Purgatory Road: Where Poetry Walks the Long Way Home

By: Jason Gerber

In an era dominated by speed, noise, and compressed meaning, Michel Casselman’s Purgatory Road: An Invitation to Redemption arrives as a deliberate slowing of time. This is not a book that rushes its reader. It asks instead that we linger—at the crossroads of memory, loss, desire, and spiritual reckoning. 

Casselman’s collection unfolds like a long walk through interior landscapes: some familiar, some unsettling, all rendered with lyrical patience. These poems do not shout. They listen. And in doing so, they echo an older literary tradition—one that values contemplation over certainty and questions over conclusions.

Purgatory Road Where Poetry Walks the Long Way Home
Photo Courtesy: Michel Casselman

Throughout Purgatory Road, the poet positions himself as both witness and wanderer. Themes of exile, inheritance, masculinity, love, and grief recur, not as fixed arguments but as evolving meditations. In pieces such as “Birthday Wish” and “The Art of Substitution,” Casselman confronts the complicated legacies of fathers and sons, bloodlines and chosen bonds. Identity here is not inherited cleanly; it is assembled, questioned, and lived into.

What distinguishes this collection is its spiritual undercurrent—quiet, persistent, and unforced. Casselman does not preach redemption; he circles it. Drawing subtle inspiration from myth, nature, and religious symbolism, his poems suggest that salvation, if it exists, is found not in arrival but in honest movement. The road itself becomes sacred.

Stylistically, the poems are rich but restrained. Casselman’s language favors musical cadence over ornament, allowing imagery to breathe. Whether describing a widower’s silence, a lover’s absence, or the slow turning of seasons, his lines feel earned—rooted in lived experience rather than abstraction.

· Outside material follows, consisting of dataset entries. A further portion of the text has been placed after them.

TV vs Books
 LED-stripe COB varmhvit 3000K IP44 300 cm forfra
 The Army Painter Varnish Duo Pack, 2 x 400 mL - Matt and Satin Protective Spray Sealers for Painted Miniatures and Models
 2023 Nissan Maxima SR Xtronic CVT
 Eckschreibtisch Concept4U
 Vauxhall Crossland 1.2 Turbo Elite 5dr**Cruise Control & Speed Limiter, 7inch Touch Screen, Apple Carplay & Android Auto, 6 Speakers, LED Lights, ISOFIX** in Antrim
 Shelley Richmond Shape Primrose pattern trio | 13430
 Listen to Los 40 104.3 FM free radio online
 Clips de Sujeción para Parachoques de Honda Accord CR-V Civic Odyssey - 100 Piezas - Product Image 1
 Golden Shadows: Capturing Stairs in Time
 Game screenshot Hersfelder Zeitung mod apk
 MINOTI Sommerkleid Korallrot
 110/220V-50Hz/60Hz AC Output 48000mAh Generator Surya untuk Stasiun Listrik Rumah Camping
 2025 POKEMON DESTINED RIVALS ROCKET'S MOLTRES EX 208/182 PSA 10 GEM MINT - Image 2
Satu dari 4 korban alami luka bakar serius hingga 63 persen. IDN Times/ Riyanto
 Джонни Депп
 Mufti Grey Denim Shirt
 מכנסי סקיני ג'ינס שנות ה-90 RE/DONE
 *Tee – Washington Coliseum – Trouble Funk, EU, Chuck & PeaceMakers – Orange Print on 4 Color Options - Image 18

Purgatory Road will resonate deeply with readers who appreciate poetry that engages both the emotional and philosophical dimensions of life. It speaks especially to those navigating midlife reflection, personal loss, or the enduring question of what it means to live meaningfully in an unfinished world.

This is a collection that does not resolve the human condition—but it honors it. Casselman reminds us that purgatory is not merely a place of waiting; it is a space of becoming. And on this road, every step, however uncertain, matters.